Ende des vorigen Jahrhunderts nahmen diese Wanderungen zuerst größere Dimensionen an. Anfangs war es wohl die redlichste Absicht, welche den arbeitskräftigen Mann hinausführte. Er wollte verhüten, daß die Noth einkehrte in das kleine, aus dünnen Lehmwänden gefügte Häuschen, worin er mit Frau und Kind saß, und die blanken Thaler, welche er im Winter wieder heimbrachte, waren die Frucht seines arbeitssauren Schweißes, den er in Schwaben oder am Rhein und in der Pfalz bei der Handarbeit oder, wenn er Maurer (Weißbinder) war, beim Aufbau eines Domes vergossen hatte.
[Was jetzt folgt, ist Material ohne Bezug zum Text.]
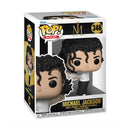 Funko Pop! Michael Jackson Super Bowl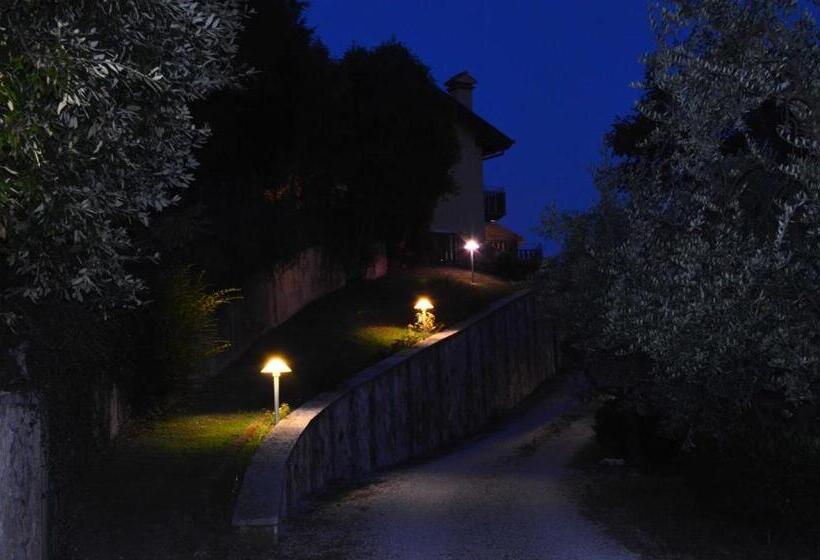 B&b Ca Baracca Bellavista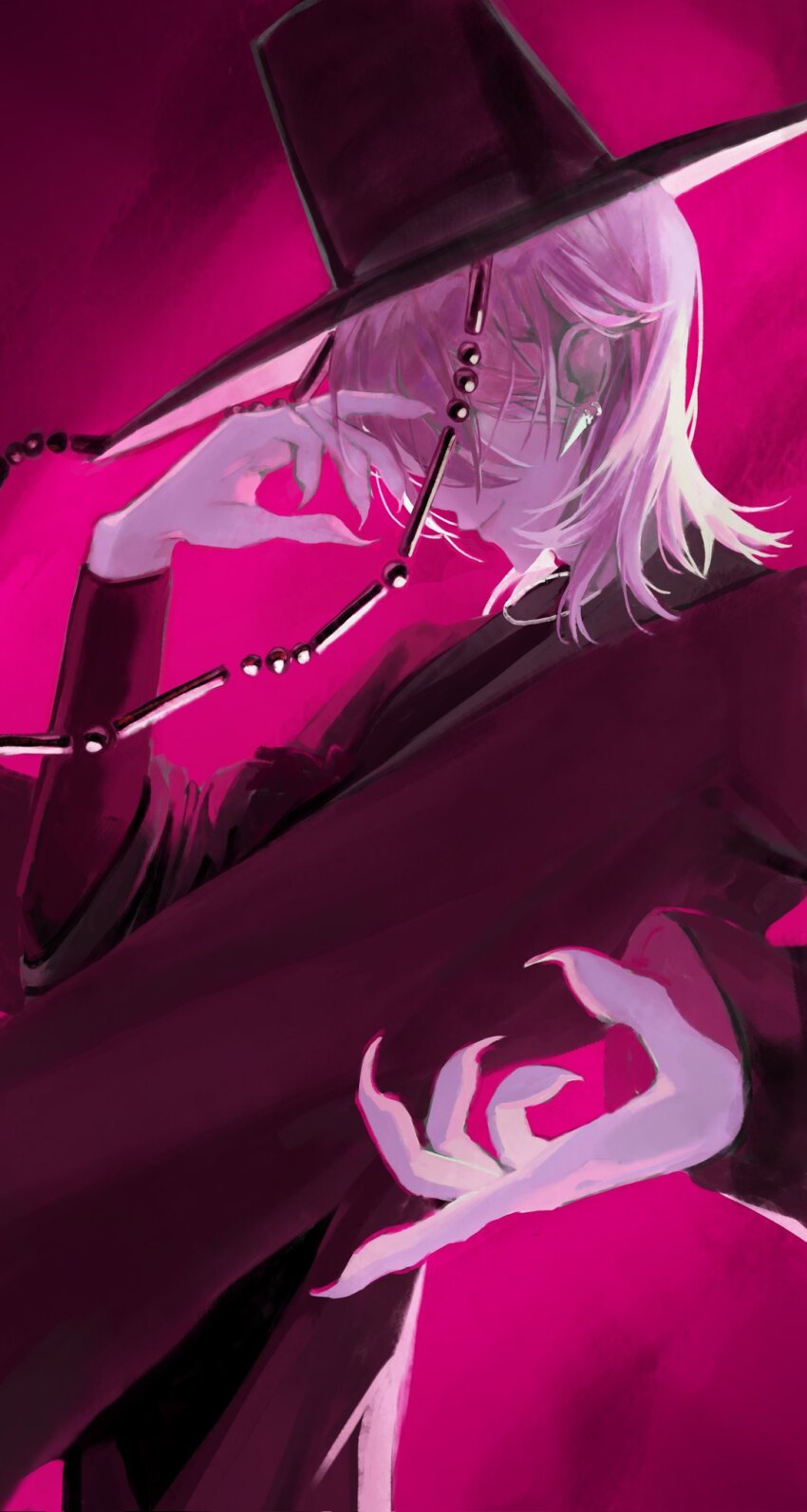 Mystery (Kpop Demon Hunters) Rule 34 Image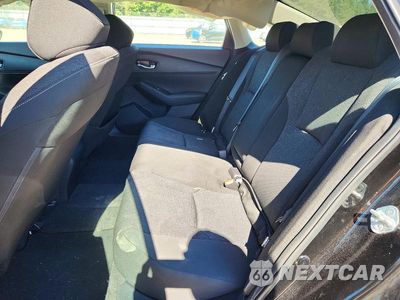 Zdjęcie 10 z 12 samochodu: 2023 HONDA ACCORD LX VIN:1HGCY1F20PA020940 - miniatura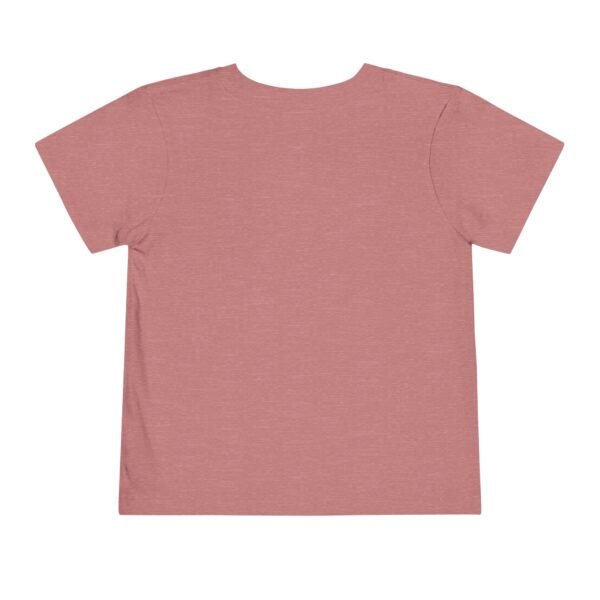 Wild Animal Toddler Tee | Cute Kids' Shirt for Playtime, Safari Party, Birthday Gift, Wild Child Outfit, Stylish Kids Apparel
Er war damals von Kopf bis zu Fuß in schwarzen Sammetmanchester gekleidet, was ihm, wenn auch die Nähte etwas verschossen waren, immer etwas Feierliches und Halbvornehmes verlieh.

Allein mit der Zeit lernte der Mann aus dem Boyneburgkschen nicht blos die Welt, er lernte auch ihre Schwächen kennen. Und das war für Beide nicht gut. Zunächst war es wohl auch hier erst wieder die Noth, die unterwegs momentan eintretende Arbeitslosigkeit, welche den stattlichen Mann in der Sammetjacke zwang, die Hand auszustrecken und den Rücken krumm zu machen. Allmählich aber kam er zu der Erkenntniß, daß diese Arbeit des Ausstreckens und Krummmachens nicht blos weniger anstrengend sei, als jene mit Sense und Kelle, sondern daß sie, fleißig geübt, auch ebensoviel, ja noch mehr lohne, als diese. Eine der schönsten Eigenschaften des Menschen, das Mitleid, wußte er so sich dienstbar zu machen. Es war fortan die Göttin, welche er heuchlerisch anbetete und frevelnd mißbrauchte. Aus dem fleißigen Arbeiter wurde ein Nichtsthuer.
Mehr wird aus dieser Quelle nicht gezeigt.